The Archipelago of Contented Peoples: Endurance Groups is supported by the Henry Moore Foundation. With thanks to Industrial Gases company BOC, leading subsea operations and manufacturing company JFD and their National Hyperbaric Centre.
In parallel with Claydon’s exhibition in Glasgow, The Common Guild is co-operating with Mount Stuart Trust (Bute) as part of its contemporary visual arts programme.
The Archipelago of Contented Peoples: Endurance Groups will be Claydon’s first solo show in Scotland, continuing the organisation’s reputation for bringing important international artists to Scotland for the first time. Claydon’s exhibition in Glasgow follows a new commission as part of The Persistence of Objects, an exhibition curated by The Common Guild for Lismore Castle Arts, Ireland, in 2015 and a series of major exhibitions in Geneva, Bergen and London.
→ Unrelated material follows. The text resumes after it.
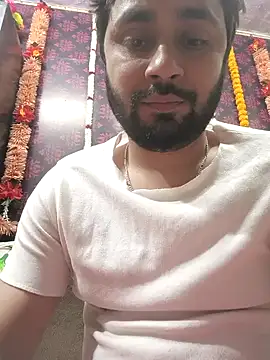 cute_lucky (Ask my age) - Full body show nude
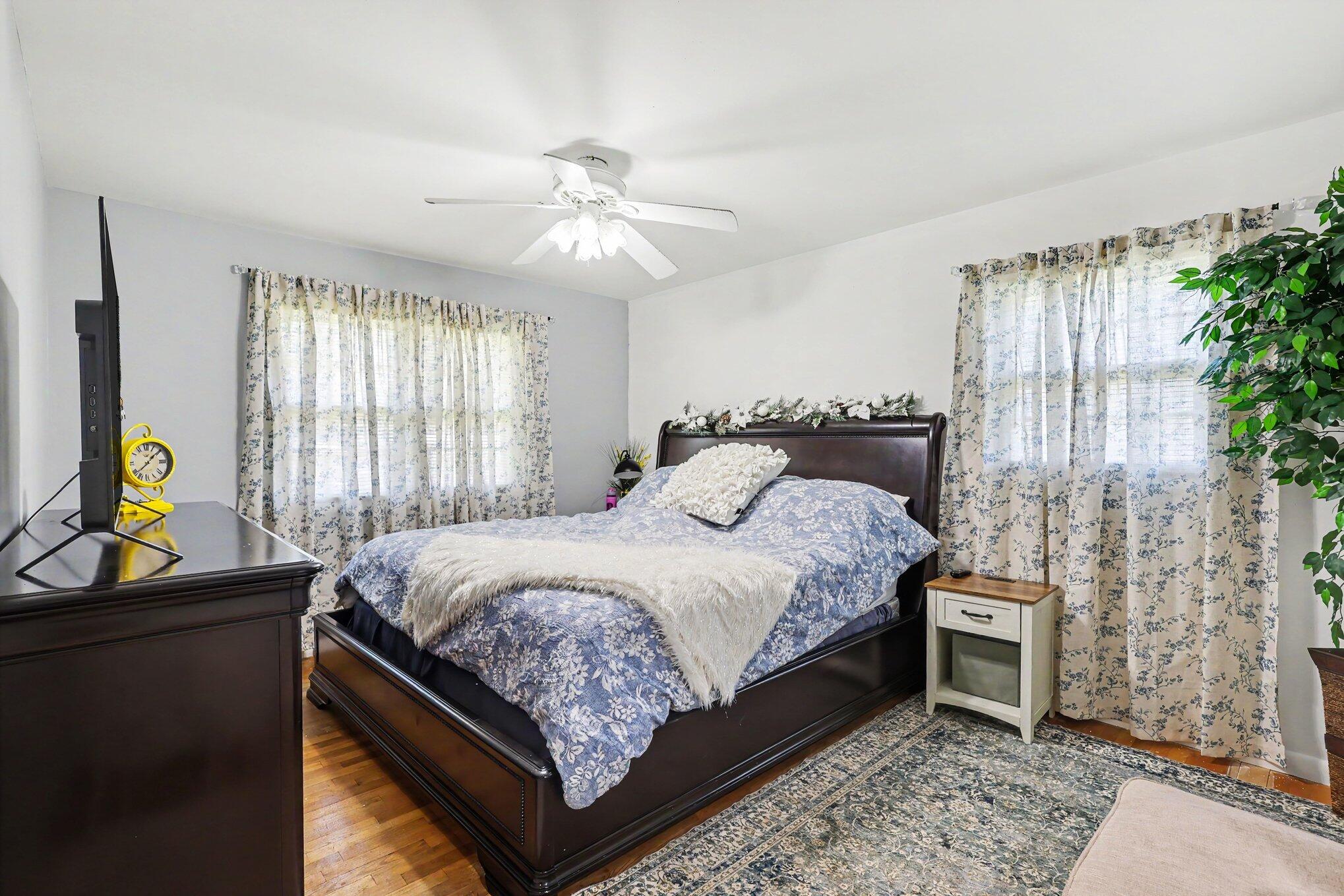 1852 Castle Avenue Muskegon MI 49441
Steven Claydon (b. 1969 in London) lives and works in London and has worked in music and video as well as sculpture. In 2016 he was one of four artists shortlisted for the first Hepworth Prize for Sculpture.
He has exhibited widely over the last 20 years, including solo exhibitions at Bergen Kunsthall, Norway; Centre D’Art Contemporain Geneva, Geneva, Switzerland (both 2015); Firstsite, Colchester (2012); and White Columns, New York, USA (2006). He has also participated in numerous group exhibitions and biennales including Manifesta 11, Zurich and Solid Liquids, Kunsthalle Munster, Germany, (both 2016), The Persistence of Objects curated by The Common Guild for Lismore Castle Arts (2015); Busted, High Line Commission, New York (2013): British Art Show 7: In the Days of the Comet, Hayward Gallery, London; Glasgow, UK; Plymouth, UK (2011); and Rings of Saturn, Tate Modern, London (2006).
Claydon has also curated several exhibitions including The Noing Uv It for Bergen Kunsthall, Norway, together with Martin Clark (2015) and Strange Events Permit Themselves the Luxury of Occurring, Camden Arts Centre, London (2007).